Musa and Satyarup Siddhanta of India planned to participate in an expedition titled 'First Bangladesh-India Friendship Expedition to Mount Denali' in the first week of June 2014. This was announced at a sole talk programme by Sattar at the Indira Gandhi Cultural Centre (IGCC) of the Indian High Commission in Dhaka on Thursday, says a press release.

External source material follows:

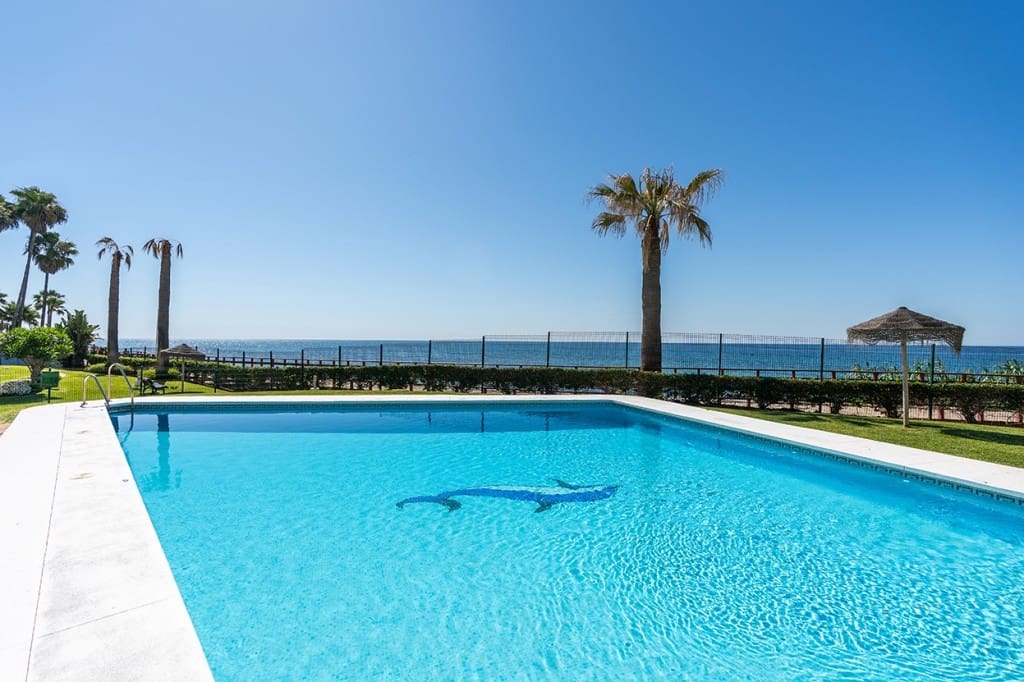 2 slaapkamer Appartement te koop in Calahonda met zwembad - € 579.000 (Ref: 9024228)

Indian Deputy High Commissioner Sandwip Chakravarty spoke at the function wishing success of the expedition.

== Controversy ==
Nepal Parbat, a list of the Mount Everest toppers published by the Nepal's Ministry of Tourism and the Nepal Mountaineering Association (NMA) did not include the name of Ibrahim. The list names MA Muhith and Nishat Majumdar as the first Bangladeshi male and female to have climbed Mount Everest successfully. MA Muhith and Nishat Majumdar also expressed doubts about Ibrahim's claims. However, Ibrahim said that there had been a conspiracy against him and NMA was influenced by the conspirator. The issue over the claim was moved to a court in Dhaka. O'Mahoney, who had followed Ibrahim towards the Everest summit, claimed that he saw him at the third step of the route, the last barrier to the Everest summit. However, by 27 May 2010, it was proven and became officially listed that Musa Ibrahim was indeed the first Bangladeshi to reach the top of Mount Everest.

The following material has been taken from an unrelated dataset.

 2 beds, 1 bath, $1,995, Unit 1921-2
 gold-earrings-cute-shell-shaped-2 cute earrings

==Mountaineering timeline==
- 13 June 2017: Mount Carstensz Pyramid or Puncak Jaya (4884 metres/16023 feet) Summit. Musa Ibrahim reached the summit on 13 June 2017 with his team members Satyarup Siddhanta and Nandita Chandrashekhar.

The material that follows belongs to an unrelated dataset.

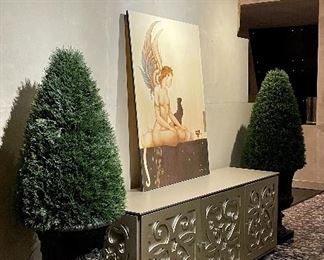 Gorgeous entry foyer!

- 23 June 2014: Denali or Mount McKinley (6,190 metres / 20,310 feet) Summit. Musa Ibrahim reached the summit on 23 June 2014 with Christopher Manning (Canada) as team leader while Satyarup Siddhanta (India), Susmita Maskey (Nepal) and Ryan Francois (USA) as team members.
- 26 June 2013: Mount Elbrus (5,642 metres /18,506 feet) Summit. Musa Ibrahim reached the summit on 26 June 2013 with Niaz Patwary and Sifat Fahmida Nawshin and Dalhat Olmejhev, a resident of Kabardino-Balkaria Republic in Russia, guided them.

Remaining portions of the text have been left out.